Systematic design of robust controller for electro-hydraulic system with model uncertainties

Abstract

A systematic method is developed to design new robust tracking control for an electro-hydraulic system. In this article, the model dynamics is represented in strict feedback form to be linearly parameterized with regard to model parameters to consider its uncertainties and the separate error dynamics are derived for the tracking of states. The proposed method is intuitively similar to a previously developed integrator backstepping approach since it designs fictitious controls as desired states for recursive procedures. However, unlike previous works that have relied exclusively on Lyapunov analysis using the sum of the squares of state errors, this work utilizes a passivity approach with an energy function for stability.
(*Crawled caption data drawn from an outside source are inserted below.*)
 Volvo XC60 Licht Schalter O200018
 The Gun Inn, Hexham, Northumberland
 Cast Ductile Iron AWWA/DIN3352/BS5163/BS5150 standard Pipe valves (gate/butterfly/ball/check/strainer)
The advantage of the proposed method is that the fictitious control can be designed in a decoupled form and an L2-gain analysis can be applied to guarantee the robustness to model uncertainties. For the separate error dynamics, one part of the fictitious control is designed using stability analysis with a strict passivity formulation for error convergence; this leads to a separation of the other fictitious control design for robustness from the effects of other equations of dynamics. Hence, this method makes it possible to treat the terms caused by the model uncertainties as disturbance and to design the fictitious robust control using the L2-gain analysis for the disturbance attenuation, which does not require the bound function of the disturbance to be known. The validity of the proposed method is shown through simulations.